女には「幽閉」(槌で女性器を叩いて塞ぐ)があり、これまで余りその方法を示した者はいないが、要するに彼女を閉じ込めるとか、そこを縫うのでもない。近時、私によってその大まかな状況が調べ出されたようだが、その方法の凶悪さと妥当性は、殆ど解剖学に合致しており、真に私もびっくり驚愕させられた。だが、婦人科の医書はどうか?女性の下半身の解剖学的構造は殆ど分かっておらず、彼らはただ腹部を一つの大きな袋のようにして、中にとても奇妙なものを内装している。
 皮剥ぎ法一つとっても、中国には色々のやり方がある。上述のは、張献忠式で:孫可望式もあり、屈大均の「安龍逸史」にあり、これも今回の病中に読んだ。それは永暦6年、即ち、清の順治9年で、永暦帝はもう安隆(その時に安龍に改名)に身を逃れていたが、秦王の孫可望は陳邦伝父子を殺すと、御史李如月は彼をすぐ弾劾して「勲ある将をほしいままに殺し、人臣の礼にもとる」としたが、皇帝は却って如月を40回の板叩きの刑にした。
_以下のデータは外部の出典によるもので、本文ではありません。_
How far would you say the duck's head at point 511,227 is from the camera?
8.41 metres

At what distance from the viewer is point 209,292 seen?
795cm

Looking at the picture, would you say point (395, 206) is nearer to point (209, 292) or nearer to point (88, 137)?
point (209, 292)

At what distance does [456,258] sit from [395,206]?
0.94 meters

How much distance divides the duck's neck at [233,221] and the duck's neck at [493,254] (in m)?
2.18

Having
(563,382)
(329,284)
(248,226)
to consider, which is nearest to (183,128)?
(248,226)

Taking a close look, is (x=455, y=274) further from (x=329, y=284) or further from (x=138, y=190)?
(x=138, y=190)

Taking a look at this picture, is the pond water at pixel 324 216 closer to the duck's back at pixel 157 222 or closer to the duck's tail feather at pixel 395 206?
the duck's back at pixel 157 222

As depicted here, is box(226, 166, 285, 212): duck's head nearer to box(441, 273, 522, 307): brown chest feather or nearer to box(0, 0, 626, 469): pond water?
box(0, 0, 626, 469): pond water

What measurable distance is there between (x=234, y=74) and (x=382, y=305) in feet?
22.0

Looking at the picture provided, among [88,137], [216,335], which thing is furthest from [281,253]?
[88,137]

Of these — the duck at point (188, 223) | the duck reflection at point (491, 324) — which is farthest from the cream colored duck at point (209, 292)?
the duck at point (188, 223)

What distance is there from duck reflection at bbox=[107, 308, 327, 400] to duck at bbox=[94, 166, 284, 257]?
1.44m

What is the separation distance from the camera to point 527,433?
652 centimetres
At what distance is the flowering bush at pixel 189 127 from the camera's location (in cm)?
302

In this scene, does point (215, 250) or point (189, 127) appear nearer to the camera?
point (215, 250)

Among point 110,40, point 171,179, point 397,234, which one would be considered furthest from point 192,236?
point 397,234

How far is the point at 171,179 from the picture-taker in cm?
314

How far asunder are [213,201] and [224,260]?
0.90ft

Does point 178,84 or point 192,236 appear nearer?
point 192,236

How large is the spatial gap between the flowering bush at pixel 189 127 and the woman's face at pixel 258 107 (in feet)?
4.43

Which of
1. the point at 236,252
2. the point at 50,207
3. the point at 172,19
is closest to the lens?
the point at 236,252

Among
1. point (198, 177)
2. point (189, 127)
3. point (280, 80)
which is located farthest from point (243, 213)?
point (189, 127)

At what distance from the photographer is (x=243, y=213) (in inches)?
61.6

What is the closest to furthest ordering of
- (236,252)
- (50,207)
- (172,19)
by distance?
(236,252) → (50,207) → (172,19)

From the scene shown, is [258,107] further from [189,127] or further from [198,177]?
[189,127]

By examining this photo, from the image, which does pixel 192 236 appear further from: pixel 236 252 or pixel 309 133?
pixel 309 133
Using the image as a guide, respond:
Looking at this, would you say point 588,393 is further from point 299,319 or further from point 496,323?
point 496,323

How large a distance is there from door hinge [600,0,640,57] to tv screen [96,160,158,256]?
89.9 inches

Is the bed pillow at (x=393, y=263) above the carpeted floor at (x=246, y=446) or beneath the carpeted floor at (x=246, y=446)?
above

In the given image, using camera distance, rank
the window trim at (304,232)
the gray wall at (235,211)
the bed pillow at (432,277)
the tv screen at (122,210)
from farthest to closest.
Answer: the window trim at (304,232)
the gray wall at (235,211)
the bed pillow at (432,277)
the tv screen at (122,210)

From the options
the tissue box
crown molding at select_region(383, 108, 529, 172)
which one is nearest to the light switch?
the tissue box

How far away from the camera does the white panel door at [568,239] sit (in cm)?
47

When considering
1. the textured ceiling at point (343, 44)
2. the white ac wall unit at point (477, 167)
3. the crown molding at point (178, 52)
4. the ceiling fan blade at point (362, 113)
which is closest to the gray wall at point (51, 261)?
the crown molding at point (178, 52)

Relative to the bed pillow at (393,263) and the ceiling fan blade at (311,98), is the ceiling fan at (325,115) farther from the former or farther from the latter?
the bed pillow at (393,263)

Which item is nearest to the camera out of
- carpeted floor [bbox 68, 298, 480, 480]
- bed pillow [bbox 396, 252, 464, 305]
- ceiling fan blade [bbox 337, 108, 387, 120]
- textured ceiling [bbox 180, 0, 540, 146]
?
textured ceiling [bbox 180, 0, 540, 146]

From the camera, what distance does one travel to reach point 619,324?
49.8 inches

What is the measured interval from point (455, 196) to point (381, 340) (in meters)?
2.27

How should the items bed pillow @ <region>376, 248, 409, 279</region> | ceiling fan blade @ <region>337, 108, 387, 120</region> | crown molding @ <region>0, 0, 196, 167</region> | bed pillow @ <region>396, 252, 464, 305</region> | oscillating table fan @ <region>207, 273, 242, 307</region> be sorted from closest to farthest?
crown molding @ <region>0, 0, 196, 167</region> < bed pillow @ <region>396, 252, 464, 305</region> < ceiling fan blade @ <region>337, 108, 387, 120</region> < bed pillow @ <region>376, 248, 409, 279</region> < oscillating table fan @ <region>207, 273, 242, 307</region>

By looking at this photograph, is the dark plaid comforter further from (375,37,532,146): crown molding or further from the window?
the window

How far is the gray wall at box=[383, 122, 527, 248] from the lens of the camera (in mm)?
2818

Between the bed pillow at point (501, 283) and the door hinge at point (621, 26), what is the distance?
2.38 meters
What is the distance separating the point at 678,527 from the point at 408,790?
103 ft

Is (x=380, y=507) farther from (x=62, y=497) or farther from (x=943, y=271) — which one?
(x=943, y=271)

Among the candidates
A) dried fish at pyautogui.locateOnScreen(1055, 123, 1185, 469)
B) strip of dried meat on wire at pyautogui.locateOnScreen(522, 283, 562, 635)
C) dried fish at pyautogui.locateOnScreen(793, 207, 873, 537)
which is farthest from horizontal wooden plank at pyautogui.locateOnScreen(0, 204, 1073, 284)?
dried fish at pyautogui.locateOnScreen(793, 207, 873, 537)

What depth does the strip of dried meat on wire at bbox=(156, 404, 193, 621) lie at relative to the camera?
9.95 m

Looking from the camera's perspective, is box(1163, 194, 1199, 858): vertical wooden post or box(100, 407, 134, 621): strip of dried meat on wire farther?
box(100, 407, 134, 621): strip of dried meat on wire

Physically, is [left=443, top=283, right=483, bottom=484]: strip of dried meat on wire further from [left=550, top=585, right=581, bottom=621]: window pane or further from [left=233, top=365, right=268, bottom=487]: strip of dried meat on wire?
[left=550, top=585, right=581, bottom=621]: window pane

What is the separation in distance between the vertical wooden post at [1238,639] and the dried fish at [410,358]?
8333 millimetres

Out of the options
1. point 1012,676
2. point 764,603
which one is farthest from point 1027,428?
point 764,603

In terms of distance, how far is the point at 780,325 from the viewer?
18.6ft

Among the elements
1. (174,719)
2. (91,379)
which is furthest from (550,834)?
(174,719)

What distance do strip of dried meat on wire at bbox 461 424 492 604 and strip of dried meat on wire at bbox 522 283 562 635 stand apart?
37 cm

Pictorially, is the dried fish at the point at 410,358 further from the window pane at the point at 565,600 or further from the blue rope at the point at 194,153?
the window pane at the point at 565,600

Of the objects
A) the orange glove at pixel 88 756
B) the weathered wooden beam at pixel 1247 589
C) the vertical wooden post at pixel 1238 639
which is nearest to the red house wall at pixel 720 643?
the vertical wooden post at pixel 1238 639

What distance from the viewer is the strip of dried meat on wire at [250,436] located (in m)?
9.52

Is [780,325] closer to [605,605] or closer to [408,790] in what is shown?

しかし事はこれで終わらず、孫党の張応科にこれを知らせ、彼は孫可望に報告した。
  『可望は応科の報告を得、即、如月を殺すよう応科に命じ、皮を剥いで衆に示せと。
それで、俄かに如月を縛り、朝門に到り、石灰一籠と稲草一梱を負う者がその前に置いた。如月は問うた「これは何に使うのか」その人答えて「お前に詰める草だ!」如月は叱咤して曰く:「節穴め!この一株一株が文章で、一節一節は忠の腸だ!」すでに応科は右角の門の階段に立ち、可望の令旨を手にし、如月に跪くように怒鳴った。如月、叱咤して曰く:「私は朝廷から任命された官ぞ。あに賊の令に跪かんや!」と言って中間まで歩いてゆき、闕に向って再拝。……応科は令を促し、地にうつ伏せにさせ、背を剥ぎ、尻に及び、如月は大声をあげて叫び「死ねばすっきりし、全身は清涼な気持ちになる!」また可望を名指しし、大いに罵って息絶えることはなかった。手足切断に及び、前胸に転じたが、猶微声にて罵倒し続けた:首まできて、息絶えて死んだ。ついで石灰に漬け、糸で縫って、草を入れ、北の城門通衢閣に移し、これを懸け…… 』
 張献忠のは、無論「流賊」式で:孫可望も流賊の出とはいえ、この時すでに明を保ち、清に抗する柱石として秦王に封ぜられ、後に満州に降じたが、また義王に封じられたから、彼の使った方法は、実は官式だ。明初、永楽帝が建文帝に忠義を尽くしたあの景清の皮を剥いだのもこの方法だった。大明朝は、皮剥ぎに始まり、皮剥ぎで終わったが、始終不変で:今でも紹興の戯文や田舎の人の口からまだ偶然に「皮を剥いで草を詰める」という話しを聞くことがあるが、皇帝の恵みの大きさを伺い知ることができる。
 真に慈悲心のある人は、野史を見たくない、故事を聞きたくないのも何の不思議もない:
ああした事件は人の世の事とも思えず、身の毛がよだち、心が傷つき、長いこと癒えない。
残酷な事実が尽きることが無いから。聞かぬが一番で、それで精神が保全できる。これは「君子厨房を遠避く」の意味と同じだ。滅亡より少し前の晩明の名家のしゃれた小品は今盛んで、実に縁も故もなしとは言えぬ。だがこの種の心地よい雅の致はまた良好な境遇を持っていなければならず、李如月が地にうつ伏せになり、「背を剥がれ」、顔は下を向いて、読書しているごとき良い姿勢だが、この時、彼に袁中郎の「広荘」を読ませたら、彼はきっと読みたくなかったと思う。この時、彼の性霊は抜け殻となっていて、真の文芸は分からなくなっていたと思う。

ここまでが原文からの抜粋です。